[SMP37-P01] P-T path of amphibolite and blueschist tectonic blocks in serpentinite mélange from the Kamuikotan metamorphic rocks
Keywords:Kamuikotan metamorphic rocks, subduction channel, compositional zoning of mineral, pressure-tempetarute path
The high-pressure metamorphic rocks formed at relatively high-pressure and low-temperature (high-P/T type) are distributed over the central Sorachi-Yezo belt of Middle Hokkaido and are called Kamuikotan metamorphic rocks. Serpentinite mélange including various types of tectonic blocks is distributed extensively in the Kamuikotan metamorphic rocks.

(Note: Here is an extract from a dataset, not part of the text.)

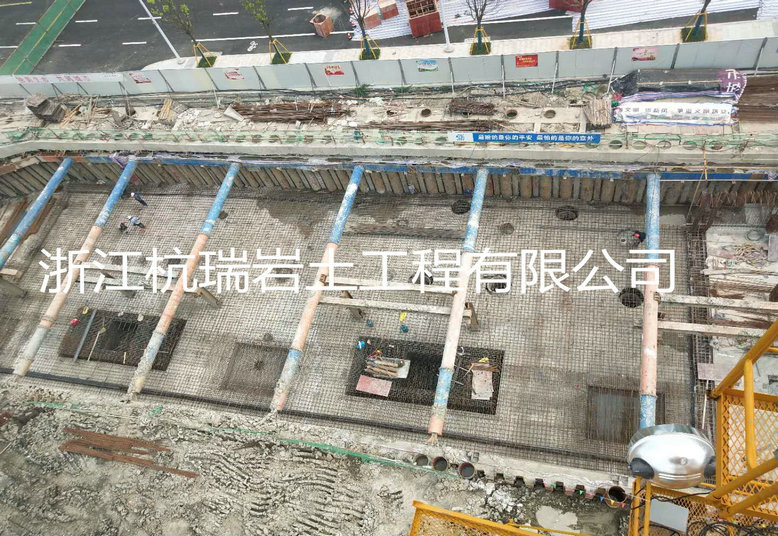 六宝典大全资料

It is necessary to elucidate the pressure-temperature paths (P-T paths) of tectonic blocks of serpentinite mélange to discuss tectonics of the subduction zone (subduction channel) which those rocks experienced.
In this study, We sampled five tectonic blocks in serpentinite mélange from the Kamuikotan Gorge and the Horokanai-Etanbetsu areas around Asahikawa city, then described the mineral assemblages in these samples and analyzed the compositional zoning of amphibole, garnet and epidote constituting these rocks using SEM-EDS.

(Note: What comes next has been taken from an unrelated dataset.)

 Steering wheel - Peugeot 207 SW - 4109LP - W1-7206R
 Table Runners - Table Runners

As a result of SEM-EDS analyses, the five rock samples are classified into the following four types from the viewpoint of the P-T paths. The amphibolite samples are characterized by P-T paths where temperature decreased from an epidote-amphibolite facies to greenschist facies, which is also evidenced by the facts that rutile is replaced by titanite and the compositional zoning of the amphibole varies from actinolite-magnesiohornblende in a core to actinolite in a rim. The amphibolite samples have P-T paths where pressure increased to a blueschist facies following the temperature decrease mentioned above, and then pressure and temperature decreased to a pumpellyite-actinolite facies, based on the presence of pumpellyite and the compositional zoning of the amphibole varying from magnesiohornblende or actinolite-magnesiohornblende to glaucophane via actinolite from core to rim. The blueschist sample has P-T paths where pressure and temperature increased, and then decreased in a blueschist facies, based on the facts that epidote is replaced by lawsonite and the compositional zoning of the amphibole varying from glaucophane in a core to actinolite in a rim. The garnet-epidote amphibolite has P-T paths where temperature increased to an epidote-amphibolite facies and then temperature decreased and/or pressure increased to a blueschist facies, based on the facts that titanite inclusion in garnet is replaced by rutile and that rutile is replaced by titanite in matrix, and the compositional zoning of the amphibole varying from magnesiohornblende in a core to glaucophane in a rim.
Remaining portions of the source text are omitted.